In linguistics, a mass noun, uncountable noun, or non-count noun is a noun with the syntactic property that any quantity of it is treated as an undifferentiated unit, rather than as something with discrete subsets. Non-count nouns are distinguished from count nouns.

Given that different languages have different grammatical features, the actual test for which nouns are mass nouns may vary between languages. In English, mass nouns are characterized by the fact that they cannot be directly modified by a numeral without specifying a unit of measurement, and that they cannot combine with an indefinite article (a or an). Thus, the mass noun "water" is quantified as "20 litres of water" while the count noun "chair" is quantified as "20 chairs". However, both mass and count nouns can be quantified in relative terms without unit specification (e.g., "so much water," "so many chairs").
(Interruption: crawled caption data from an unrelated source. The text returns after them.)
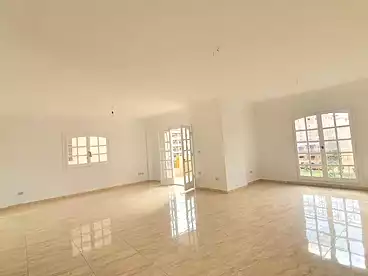 شقق للإيجار - 3 غرف - بالدور 3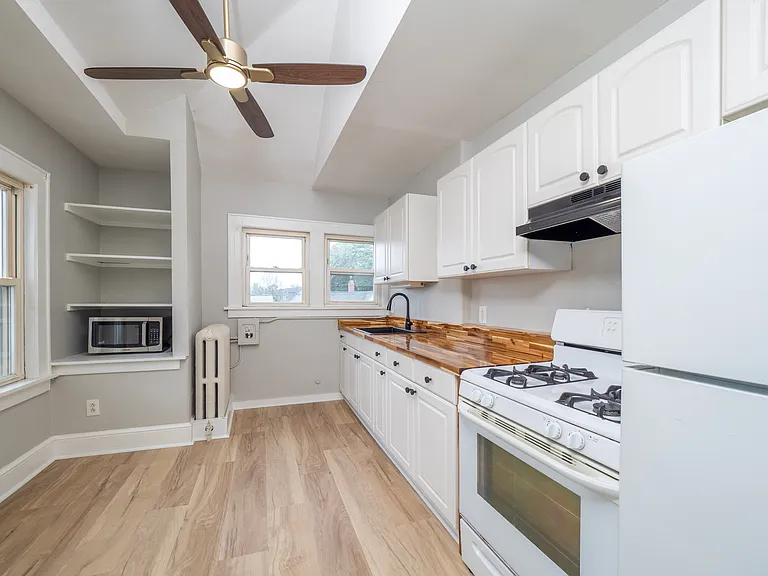 33 Seaview Ave #3A — Photo 10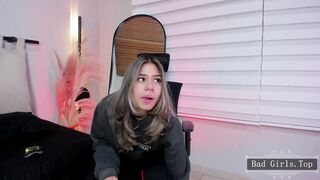 Hot big booty ass and natural big boobs latina teen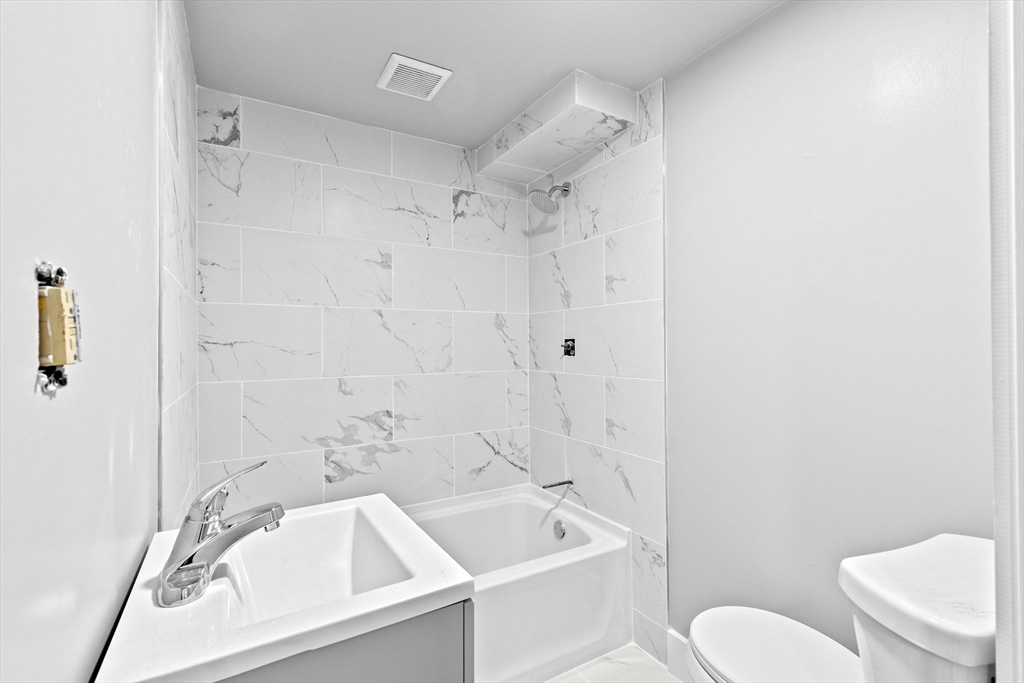 62 Grove Street Fitchburg, MA 01420 - Photo 17 of 35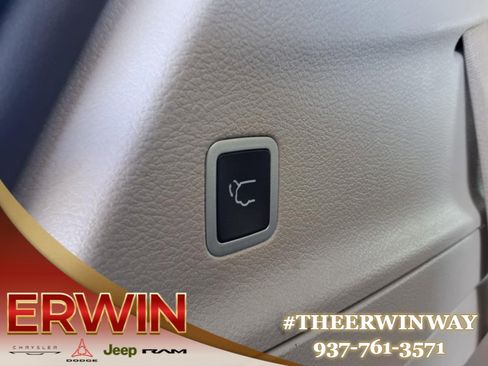 Certified 2023 Chrysler Voyager LX FWD image 12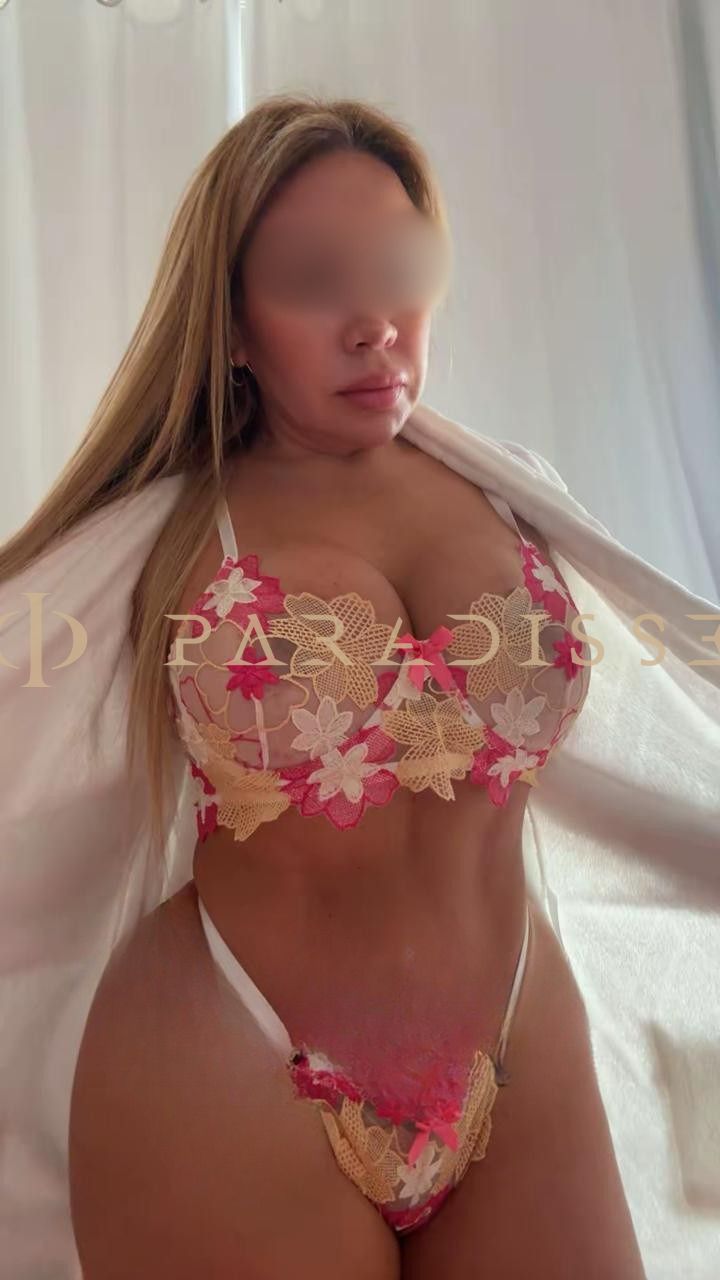 Escorts VIP Paradisse - Alison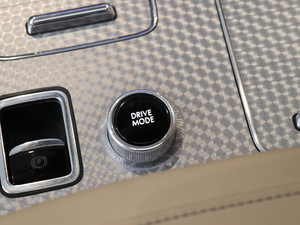 2020 3.0T V6 ȫŰ п؅^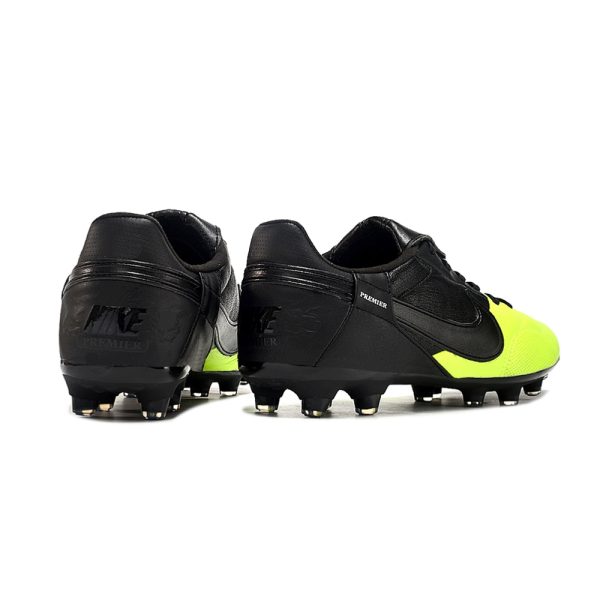 Chuteira Campo Nike Premier III FG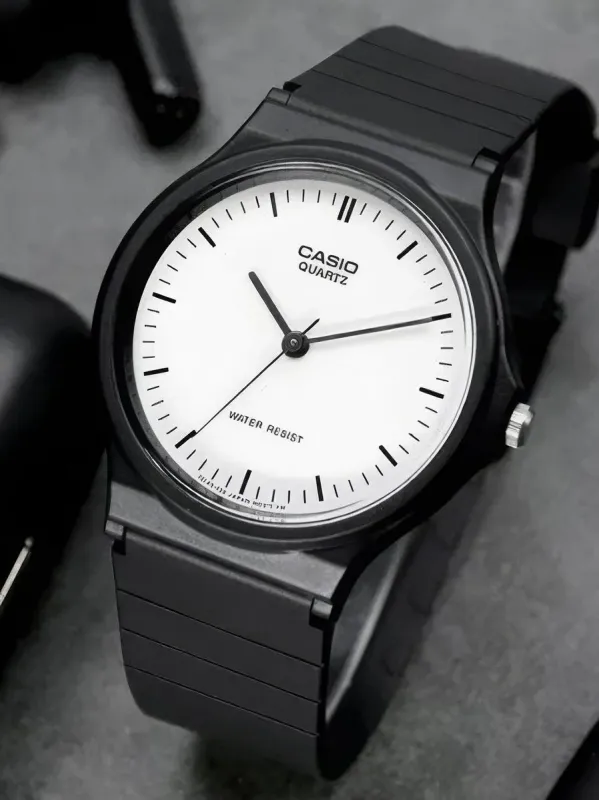 Наручные часы  Casio  Collection Casio MQ-24-7E (фото 4)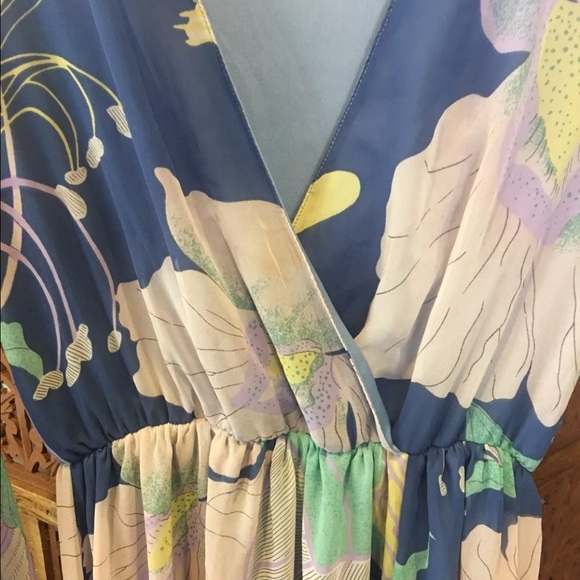 Lulus long sleeve floral maxi. Last one! - Picture 6 of 8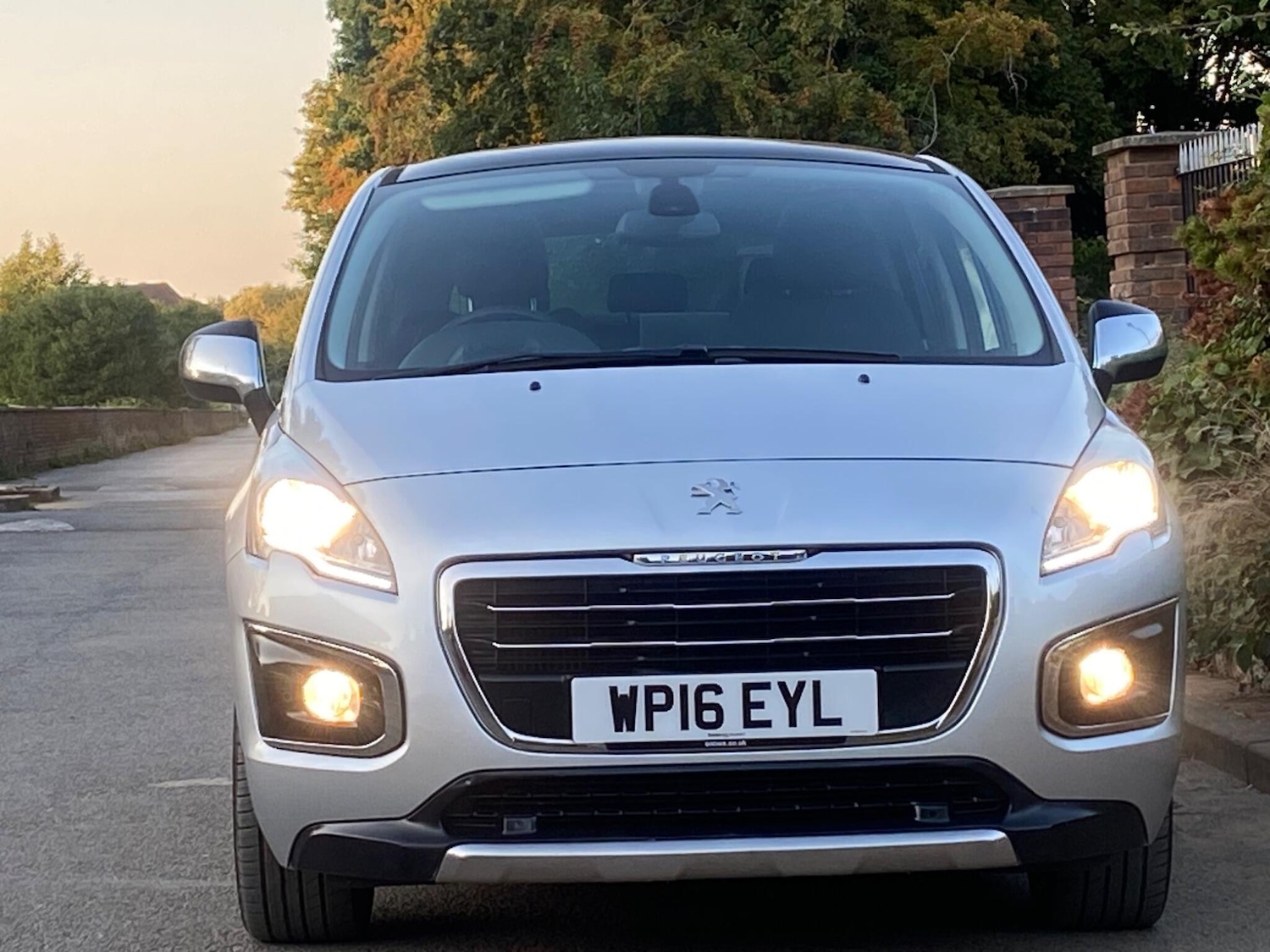Used Peugeot 3008 2016 for sale - 76122774: Photo 14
Some mass nouns can be used in English in the plural to mean "more than one instance (or example) of a certain sort of entity"—for example, "Many cleaning agents today are technically not soaps, but detergents." In such cases they no longer play the role of mass nouns, but (syntactically) they are treated as count nouns.

It also observes:

Some nouns have both a mass sense and a count sense (for example, paper).

Cheese appears to be another of these nouns with both a mass sense and a count sense. The Oxford Dictionaries website includes the following as a definition of cheese:

[COUNT NOUN] A complete cake of cheese with its rind.

It offers the following example sentence:

"the cheeses are trimmed and wrapped in sterilized muslin."

This is sufficient to reassure me that I could legitimately say, "Nine of the cheeses are finished and we have three more to go." The word cheese can, then function as both a mass noun and a count noun, meaning slightly different things in the two uses.

It also seems clear that most mass nouns can make an appearance as a count noun. The Wikipedia article cited above notes:

Some mass nouns can be used in English in the plural to mean "more than one instance (or example) of a certain sort of entity"—for example, "Many cleaning agents today are technically not soaps, but detergents." In such cases they no longer play the role of mass nouns, but (syntactically) they are treated as count nouns.

I've tried but haven't been able to find an example of a noun that cannot become a count noun in this way.

The lab tested 7 gasolines. 12 different coffees are on offer.

I admit that I would like the sentence above better if it said "7 brands of gasoline" or "7 samples of gasoline", but nothing about it seems to me wrong or even particularly surprising. Even abstract nouns seem to be amenable to this transformation:

FDR's Four Freedoms

10 Hopes I Have For Past Loves (Title of Huffington Post Article)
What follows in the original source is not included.